El día que el agua llegó corriendo (y lo cambió todo)

El 1° de diciembre de 1904, don Pablo Berdaguer abrió la canilla en su casa de la calle 9 de Julio y se volvió famoso. Para nosotros es un gesto normal, pero en esa época, el agua corriente era tan revolucionaria como un iPhone en los 90.

Las cocinas dejaron de ser lugares llenos de humo donde los sirvientes molían maíz. Ahora tenían planchas de hierro fundido, y las familias se reunían alrededor como si fuera un televisor.

Los baños pasaron de ser un cuartito oscuro a "templos de higiene" (aunque el bidet, ese misterioso artefacto, tardó años en ser aceptado: "¿Para qué quiero eso si yo me lavo con balde?").

Las bañeras con patas de león escandalizaron a medio pueblo. "¡Pero si parece un mueble de pecado!", decían las viejas.

Los albañiles que jugaban a ser arquitectos

Cuando el "estilo santiagueño" era un poco de todo

En los primeros años del siglo, no había arquitectos en Santiago. Los edificios los diseñaban inmigrantes italianos y españoles que mezclaban estilos como quien revuelve un locro. El resultado fue un eclecticismo gloriosamente caótico:

El Banco de la Nación (1905): columnas griegas, balcones renacentistas y algún que otro detalle que solo Dios sabe de dónde salió.
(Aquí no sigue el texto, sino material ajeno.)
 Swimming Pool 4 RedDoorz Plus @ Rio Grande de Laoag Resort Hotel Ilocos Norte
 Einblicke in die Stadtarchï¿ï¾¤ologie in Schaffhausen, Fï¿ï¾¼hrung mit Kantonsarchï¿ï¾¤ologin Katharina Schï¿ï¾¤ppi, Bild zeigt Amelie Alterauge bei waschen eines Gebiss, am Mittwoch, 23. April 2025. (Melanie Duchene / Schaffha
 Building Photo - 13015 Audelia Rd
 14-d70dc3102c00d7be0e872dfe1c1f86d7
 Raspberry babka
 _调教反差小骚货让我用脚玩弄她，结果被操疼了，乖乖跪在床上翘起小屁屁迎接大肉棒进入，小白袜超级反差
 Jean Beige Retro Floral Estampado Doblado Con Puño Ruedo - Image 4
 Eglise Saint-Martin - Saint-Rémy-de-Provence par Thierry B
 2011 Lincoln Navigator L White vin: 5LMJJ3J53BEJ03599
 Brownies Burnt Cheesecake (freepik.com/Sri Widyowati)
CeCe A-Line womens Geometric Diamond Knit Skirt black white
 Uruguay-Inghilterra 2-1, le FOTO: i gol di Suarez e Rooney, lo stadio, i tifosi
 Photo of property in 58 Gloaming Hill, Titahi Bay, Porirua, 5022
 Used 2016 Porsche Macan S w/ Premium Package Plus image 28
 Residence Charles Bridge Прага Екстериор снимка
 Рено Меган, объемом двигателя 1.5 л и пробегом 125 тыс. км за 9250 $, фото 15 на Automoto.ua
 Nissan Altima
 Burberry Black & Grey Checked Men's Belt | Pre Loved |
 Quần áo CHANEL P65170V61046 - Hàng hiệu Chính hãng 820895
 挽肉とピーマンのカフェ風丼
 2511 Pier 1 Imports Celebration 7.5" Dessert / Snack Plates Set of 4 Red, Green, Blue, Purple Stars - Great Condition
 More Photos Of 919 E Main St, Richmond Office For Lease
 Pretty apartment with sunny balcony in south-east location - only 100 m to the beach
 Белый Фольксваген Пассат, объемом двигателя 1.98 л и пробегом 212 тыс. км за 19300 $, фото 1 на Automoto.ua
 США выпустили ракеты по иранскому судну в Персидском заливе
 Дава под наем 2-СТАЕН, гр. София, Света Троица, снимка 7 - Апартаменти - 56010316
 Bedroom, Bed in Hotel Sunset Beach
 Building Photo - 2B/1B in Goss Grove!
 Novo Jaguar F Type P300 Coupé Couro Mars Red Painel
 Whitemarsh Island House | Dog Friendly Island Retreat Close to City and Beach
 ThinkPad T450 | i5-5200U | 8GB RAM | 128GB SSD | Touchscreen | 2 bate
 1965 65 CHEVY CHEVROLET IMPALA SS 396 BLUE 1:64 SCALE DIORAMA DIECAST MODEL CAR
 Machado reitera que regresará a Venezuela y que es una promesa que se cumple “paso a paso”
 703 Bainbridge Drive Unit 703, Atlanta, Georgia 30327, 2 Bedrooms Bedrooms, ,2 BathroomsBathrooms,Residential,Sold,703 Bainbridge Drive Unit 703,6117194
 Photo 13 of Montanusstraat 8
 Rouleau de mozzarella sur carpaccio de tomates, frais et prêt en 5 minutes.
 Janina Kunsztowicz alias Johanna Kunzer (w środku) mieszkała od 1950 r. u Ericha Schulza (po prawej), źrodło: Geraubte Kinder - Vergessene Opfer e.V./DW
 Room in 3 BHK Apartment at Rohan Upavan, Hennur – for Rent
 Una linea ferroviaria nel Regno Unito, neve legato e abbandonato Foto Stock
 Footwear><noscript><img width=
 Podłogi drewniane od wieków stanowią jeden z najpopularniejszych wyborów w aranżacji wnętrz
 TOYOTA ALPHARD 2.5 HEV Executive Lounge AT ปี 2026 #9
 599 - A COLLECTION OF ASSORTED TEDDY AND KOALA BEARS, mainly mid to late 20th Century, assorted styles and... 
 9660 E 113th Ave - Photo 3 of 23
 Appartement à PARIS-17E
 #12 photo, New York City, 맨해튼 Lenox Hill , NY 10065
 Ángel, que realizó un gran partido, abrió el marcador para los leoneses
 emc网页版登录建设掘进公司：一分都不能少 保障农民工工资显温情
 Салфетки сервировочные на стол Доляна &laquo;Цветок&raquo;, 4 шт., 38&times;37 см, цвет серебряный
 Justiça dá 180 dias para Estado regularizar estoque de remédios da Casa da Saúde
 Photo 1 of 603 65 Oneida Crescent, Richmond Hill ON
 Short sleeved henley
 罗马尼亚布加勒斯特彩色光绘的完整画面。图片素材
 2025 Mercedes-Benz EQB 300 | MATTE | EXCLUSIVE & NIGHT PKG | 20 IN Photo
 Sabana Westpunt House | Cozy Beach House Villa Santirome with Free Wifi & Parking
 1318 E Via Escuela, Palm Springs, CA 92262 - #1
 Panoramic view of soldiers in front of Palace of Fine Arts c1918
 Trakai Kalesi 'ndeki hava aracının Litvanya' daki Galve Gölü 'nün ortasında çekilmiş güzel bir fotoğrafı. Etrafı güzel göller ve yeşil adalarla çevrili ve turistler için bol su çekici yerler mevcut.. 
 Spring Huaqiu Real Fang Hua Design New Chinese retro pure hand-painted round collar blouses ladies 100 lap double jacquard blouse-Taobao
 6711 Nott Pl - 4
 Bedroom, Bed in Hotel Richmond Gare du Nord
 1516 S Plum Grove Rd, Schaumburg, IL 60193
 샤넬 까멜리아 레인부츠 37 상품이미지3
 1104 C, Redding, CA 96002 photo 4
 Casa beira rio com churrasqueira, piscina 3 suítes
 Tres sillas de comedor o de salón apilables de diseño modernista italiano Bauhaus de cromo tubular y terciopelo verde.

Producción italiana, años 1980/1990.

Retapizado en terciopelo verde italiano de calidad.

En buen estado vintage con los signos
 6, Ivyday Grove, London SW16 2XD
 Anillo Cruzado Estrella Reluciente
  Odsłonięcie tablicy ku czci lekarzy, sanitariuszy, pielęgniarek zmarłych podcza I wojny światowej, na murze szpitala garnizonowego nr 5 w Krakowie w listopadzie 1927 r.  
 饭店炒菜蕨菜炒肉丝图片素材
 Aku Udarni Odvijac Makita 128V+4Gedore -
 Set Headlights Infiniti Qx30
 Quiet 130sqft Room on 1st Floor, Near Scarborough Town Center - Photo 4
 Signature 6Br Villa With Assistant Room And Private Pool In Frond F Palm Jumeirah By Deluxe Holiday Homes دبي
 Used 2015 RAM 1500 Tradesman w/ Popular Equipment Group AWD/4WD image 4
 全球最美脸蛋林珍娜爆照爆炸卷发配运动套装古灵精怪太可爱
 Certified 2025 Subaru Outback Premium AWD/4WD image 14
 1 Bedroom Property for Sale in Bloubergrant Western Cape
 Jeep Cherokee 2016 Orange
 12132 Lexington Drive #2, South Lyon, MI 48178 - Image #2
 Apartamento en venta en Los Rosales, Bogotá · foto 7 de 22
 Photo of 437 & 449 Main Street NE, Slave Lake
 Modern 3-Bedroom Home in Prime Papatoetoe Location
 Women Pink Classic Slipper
El Teatro 25 de Mayo (1910): art nouveau en la fachada, pero con un alma bien criolla adentro.

Las casas de la avenida Belgrano: donde los primeros placards embutidos hicieron gritar a más de una abuela: "¡Eso es para esconder cosas!".

El ingeniero Carlos Colombo, en 1927, se cansó de tanta improvisación y denunció: "Estos tipos son albañiles, no arquitectos". Pero los "maestros de obra" tenían una excusa lista: "Perdimos los títulos en el barco". La ciudad se rió, pero los edificios quedaron ahí, testigos de una época donde todo se hacía a puro pulso.

Los funerales: el espectáculo social del año

En los años 20, morirse era un asunto de prestigio. Las familias competían por quién tenía el panteón más grande, mientras los pobres se conformaban con cruces de madera. Los funerales eran el evento del año:

"¿Viste cómo lloró la viuda? Parecía de verdad."

"El doctor dio propinas hasta al que barría la calle."

"Qué discurso, che... casi me hizo llorar."

Era la mezcla perfecta entre el drama italiano y el culto criollo a los muertos.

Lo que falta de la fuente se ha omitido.